Unfortunately for the purposes of writing a review – which I generally will be if I’m at the theatre – you can’t know for sure which these will be until long after the copy has to be written and published.

Sometimes those that prove to be memorable aren’t the ones you expected.

Conversely, you can go to the theatre and thoroughly enjoy a work that a few months later you’ve completely forgotten you ever attended.

But there are early signs of lingering you learn to pick up on.

You may find yourself frowning over a bit of dialogue or action and wondering if your first impression of what it meant was the one the author or director intended.

Or, you wish you could go to see it again because you have the feeling you may have missed something vital that would answer the questions it has raised in your mind.

But perhaps the biggest clue is finding yourself strangely unable to answer the question ‘did you enjoy the play?’ It’s a simple question, but it isn’t always one that prompts a simple answer.
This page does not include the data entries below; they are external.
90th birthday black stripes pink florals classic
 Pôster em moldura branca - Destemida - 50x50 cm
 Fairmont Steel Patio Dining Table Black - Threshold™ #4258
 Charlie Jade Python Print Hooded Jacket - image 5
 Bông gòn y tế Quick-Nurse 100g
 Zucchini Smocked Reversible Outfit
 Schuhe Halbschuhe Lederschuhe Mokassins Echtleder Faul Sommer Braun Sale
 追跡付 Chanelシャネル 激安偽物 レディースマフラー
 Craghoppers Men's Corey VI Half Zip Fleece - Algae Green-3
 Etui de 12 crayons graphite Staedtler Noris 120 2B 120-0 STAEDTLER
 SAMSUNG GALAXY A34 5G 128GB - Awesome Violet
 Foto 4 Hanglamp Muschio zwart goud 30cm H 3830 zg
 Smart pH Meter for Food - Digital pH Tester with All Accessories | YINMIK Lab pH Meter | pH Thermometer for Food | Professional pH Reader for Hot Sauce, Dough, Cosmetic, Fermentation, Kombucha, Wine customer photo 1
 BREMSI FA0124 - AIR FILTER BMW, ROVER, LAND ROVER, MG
For one thing, ‘enjoy’ isn’t necessarily the right word.

Some works are designed to make you forget your cares and get carried away into a wonderful world of drama, music, dance or comedy – those are the ones you enjoy.

Others are meant to make you think, question and debate – also wonderful, but in such a different way that you really can’t compare the two.

It’s these that you find suddenly popping into your thoughts weeks, months, even years after you saw them.

You may still be unable to answer the question ‘did you enjoy it?’ but you do know that it had an impact, and that it meant something beyond escapism.

It reminds you of the power of both the written word and the dramatisation of those words to alter perceptions and open minds.

The Salberg Studio at Salisbury Playhouse is a venue to keep an eye on if you want to see something along those lines.

Last season’s productions of Nordost – based on the Moscow Theatre siege of 2002 – and the one-woman show Soldiers’ Wives, which explored the experiences of those left behind as wars are fought, are two recent examples.

The current double bill – Arthur Miller’s Elegy for a Lady and Brian Friel’s The Yalta Game – may well be another.

But as I won’t be able to say for sure until it’s been and gone, it may be best to go along and see for yourself.